DATA PROVIDED:

######

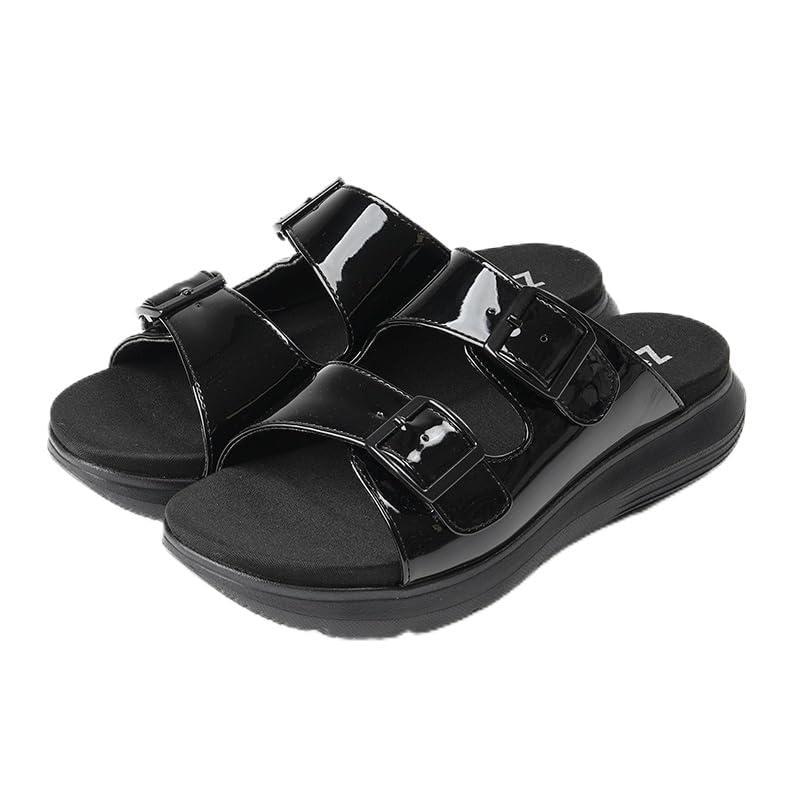 AcureZ(アキュアーズ) レディース AcureZパンプス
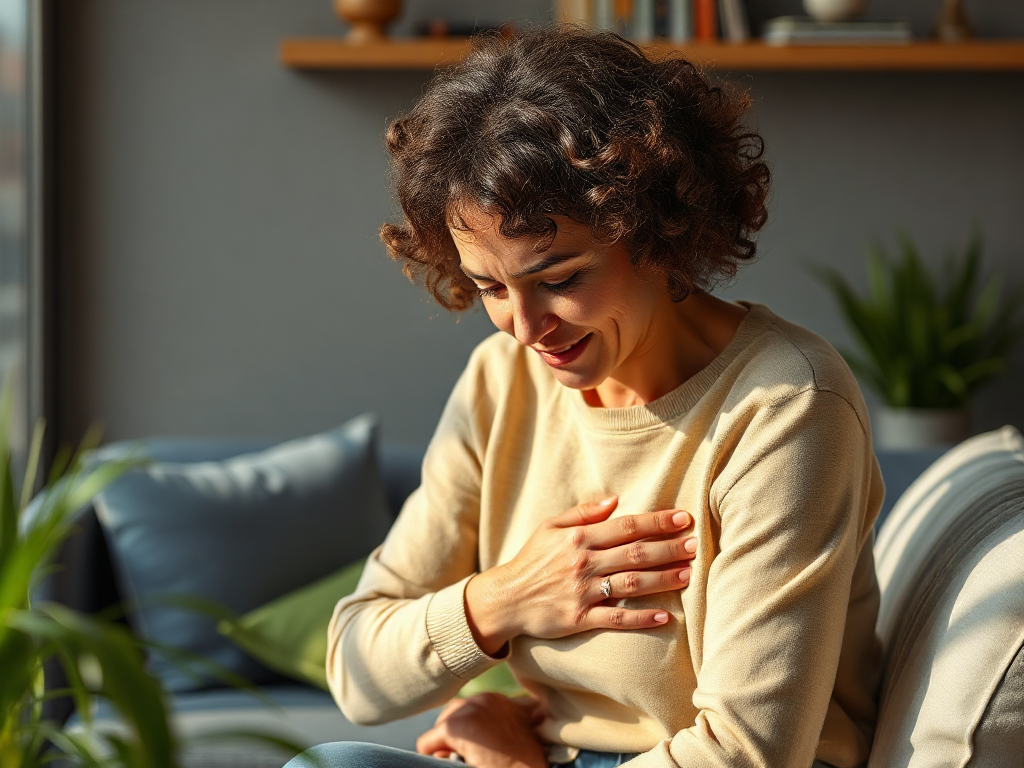 Best Herbal Treatments for Joint Inflammation: Effective Remedies and Natural Solutions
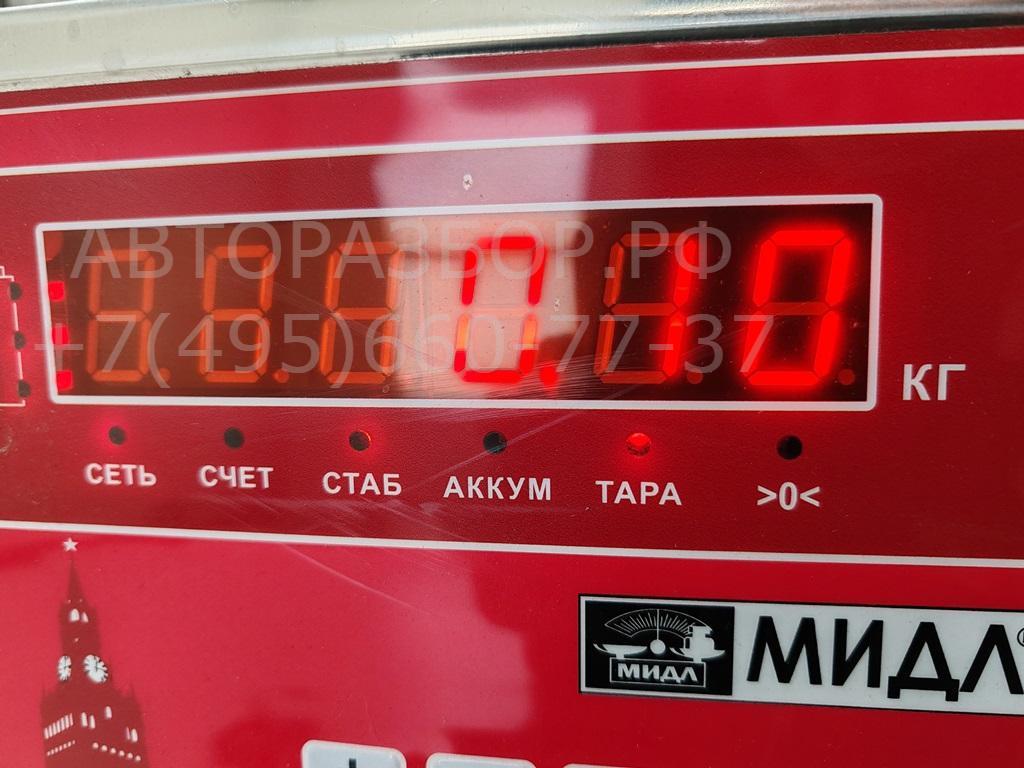 Переключатель стеклоочистителей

######

TO DO: Copy out every line of the data exactly, leaving the images behind.

FINISHED TASK:
 AcureZ(アキュアーズ) レディース AcureZパンプス
 Best Herbal Treatments for Joint Inflammation: Effective Remedies and Natural Solutions
 Переключатель стеклоочистителей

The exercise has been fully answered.